Most bio-pics follow a by-the-books routine, and The Runaways is no different; however, the performances save the film from being mundane. The musical rise, the hard crash because of some vice, usually drugs, and the redemption are the typical ground this type of film covers. However, Director Floria Sigismondi fills the screen with enough flash and gloss to keep most of the audience from cringing at the predictability of it all. The three main actors, Dakota Fanning, Kristen Stewart and Michael Shannon, give fully-invested performances that make for an interesting watch.
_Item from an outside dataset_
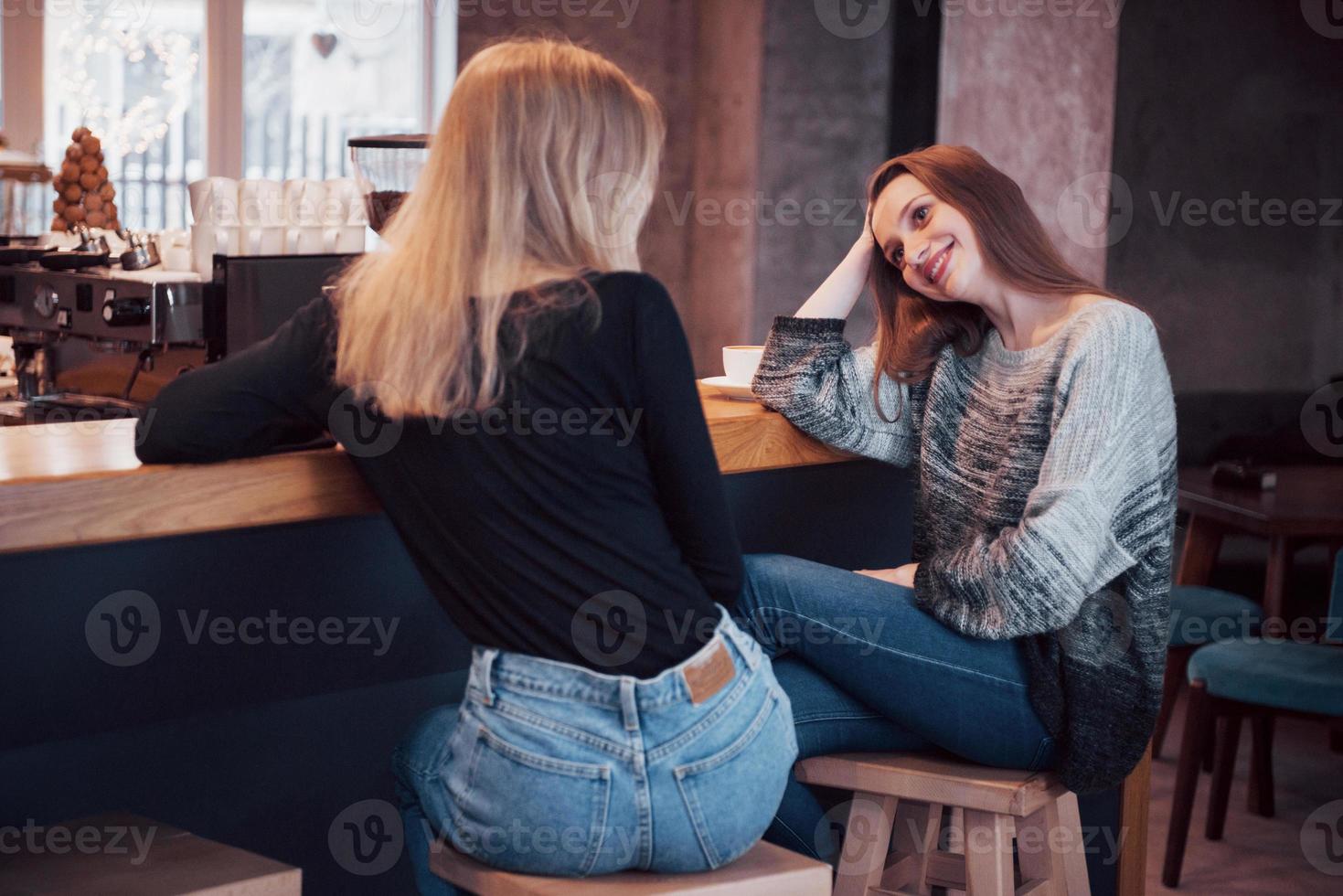 photo tonique des meilleurs amis ayant rendez-vous dans un café ou un restaurant. belles filles parlant ou communiquant en buvant du café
Dakota Fanning once again proves that she is a force to reckon with, as she extends her already impressive range here playing Cherrie Currie: the sexy kitten with sharp claws, a taste for poison and the heart of a rocker. Fanning shows her sex appeal for the first time, and convincingly belts out Cherrie’s lyrics. She transitions well from a conservatively shy dreamer to a glamorous rock sensation. Where Fanning shines the most are the scenes where she’s at home with her jealous sister and sickly father,as well as when she eventually buckles under the pressures of stardom and leaves. We can sense the anguish in her eyes, and feel the question tattooed in her mind: what if?
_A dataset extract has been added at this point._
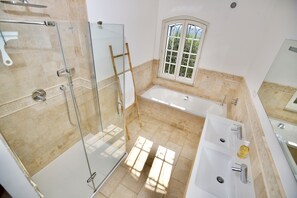 Bathtub, hair dryer, towels, soap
Kristen Stewart shows that she is more talented than the “one note actress” that those vampire films make her out to be. Stewart impressively plays Joan Jett with a slouched, rebellious attitude, and aggression. The hair-flipping and lip-biting are surprisingly absent, and her voice as Jett is a wonder. Completing the amazing acting tri-pod is Michael Shannon as Kim Fowley, the band’s manager. Shannon is deliciously quirky and raw, stealing every single scene he’s in.
Besides the performances, the film also projects the complexity of self-empowerment for females. The all female band was legendary for rocking out at the level of men, and the screen is filled with scenes that ooze girl power. Clashing with those scenes is the band’s interaction with Kim Fowley, who is an aggressively dominant male figure.
Like I’ve mentioned before, this bio-pic is nothing too special, as it plays it safe, tweaking aspects of the band members lives to make it more accessible. There are also inaccuracies that fill the screen to make the film more digestible.
Yes, the film is called The Runaways, but the film is lopsided, favoring the story of Cherrie Currie. Cherrie’s book is what the film is based on, but there could’ve been more of a back-story for Joan Jett, at the very least.
The relationship between Cherrie and Joan Jett seems as if it only happened because it was in the script. Individually, Fanning and Stewart are gorgeously sharp as Cherrie and Jett, but the relationship between Cherrie and Jett seemed tacked on. There was simply no time for build-up or authenticity. Maybe that’s just the way it happened.
Overall, the film is wild enough; however, enough just doesn’t cut it. It rolls more than it rocks.